Corinne Covez, docteur en Pratique artistique et Chargée de cours en recherche-action aux départements Arts et Langues et civilisations de Lille 3, participe à des recherches sur l’interculturel, le partenariat, les pratiques d’art auprès de jeunes ou adultes dits en difficulté. C'est dans ce contexte qu'elle a développé une recherche artistique utilisant les outils et pratiques du Sensible dans un projet d'éducation musicale de jeunes en détention. L'article est publié dans la revue "Sociétés et Jeunesses en difficultés", n°17, Varia, 2016.
Résumé
Cet article présente une recherche-action portant sur le Jeu d’Orchestre participatif élaboré par le centre Esagramma de Milan réalisé dans les prisons du Nord-Pas-de-Calais, en partenariat avec l’université de Lille 3 et la Direction pénitentiaire interrégionale. C’est l’expérience réalisée à l’Établissement pénitentiaire de Quiévrechain pour mineurs qui est ici exposée. Le point de vue proposé est de lier la pratique artistique à une découverte du paradigme du Sensible participant à l’émergence du sujet sensible. Ainsi, le processus d’écoute développé durant le déroulement de la pratique musicale et ses jeux d’orchestration, participe à reconnaître une vie sensible et malmenée. Ce véritable travail musical et sensible représente ainsi un réel chemin de rencontre avec soi mais aussi les autres riche d’émotions, de ressentis et de sens.
Extraits :
Effets sensibles
Que ce soit les acteurs de la recherche-action du dedans, ou les personnes du dehors, toutes reconnaissent que des changements ont eu lieu. Nous verrons tout d’abord en quoi une part de sensible a pu s’éveiller puis comment les professionnels ont pu vivre et interpréter le Jeu d’Orchestre. Un silence respectueux fait ainsi partie à part entière du processus.

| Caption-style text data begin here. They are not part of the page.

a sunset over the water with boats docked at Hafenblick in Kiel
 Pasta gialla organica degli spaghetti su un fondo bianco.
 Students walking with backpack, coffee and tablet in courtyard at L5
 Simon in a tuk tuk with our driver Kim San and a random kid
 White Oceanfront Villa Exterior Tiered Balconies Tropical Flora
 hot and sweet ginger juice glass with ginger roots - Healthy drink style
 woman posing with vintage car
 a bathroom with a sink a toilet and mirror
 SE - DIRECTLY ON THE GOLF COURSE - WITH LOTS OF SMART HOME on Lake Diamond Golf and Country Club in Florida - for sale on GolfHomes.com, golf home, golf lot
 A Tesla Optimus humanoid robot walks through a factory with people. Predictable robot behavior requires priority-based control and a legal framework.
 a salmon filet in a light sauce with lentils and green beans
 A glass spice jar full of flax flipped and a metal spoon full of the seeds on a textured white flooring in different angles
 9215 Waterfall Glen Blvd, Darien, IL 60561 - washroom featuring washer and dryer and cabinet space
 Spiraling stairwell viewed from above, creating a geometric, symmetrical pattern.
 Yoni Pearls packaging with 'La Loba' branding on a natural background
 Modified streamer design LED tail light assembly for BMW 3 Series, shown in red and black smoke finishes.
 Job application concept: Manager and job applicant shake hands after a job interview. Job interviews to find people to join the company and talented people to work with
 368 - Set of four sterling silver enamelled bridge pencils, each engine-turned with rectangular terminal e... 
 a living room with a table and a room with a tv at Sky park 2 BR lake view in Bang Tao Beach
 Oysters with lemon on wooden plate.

Vers un éveil du sujet sensible
Le processus décrit permet de contacter sa part de sensible. Et durant la pratique, aucune demande de verbalisation n’est faite envers quiconque, laissant la personne libre de vivre ses émotions parmi les autres. Il convient donc de rester prudent car toute approche dans le domaine sensible, qui plus est en centre de détention, est d’une complexité redoutable, entre ce qui est perçu, vu et retranscrit et ce que la personne souhaite montrer d’elle-même ou pas.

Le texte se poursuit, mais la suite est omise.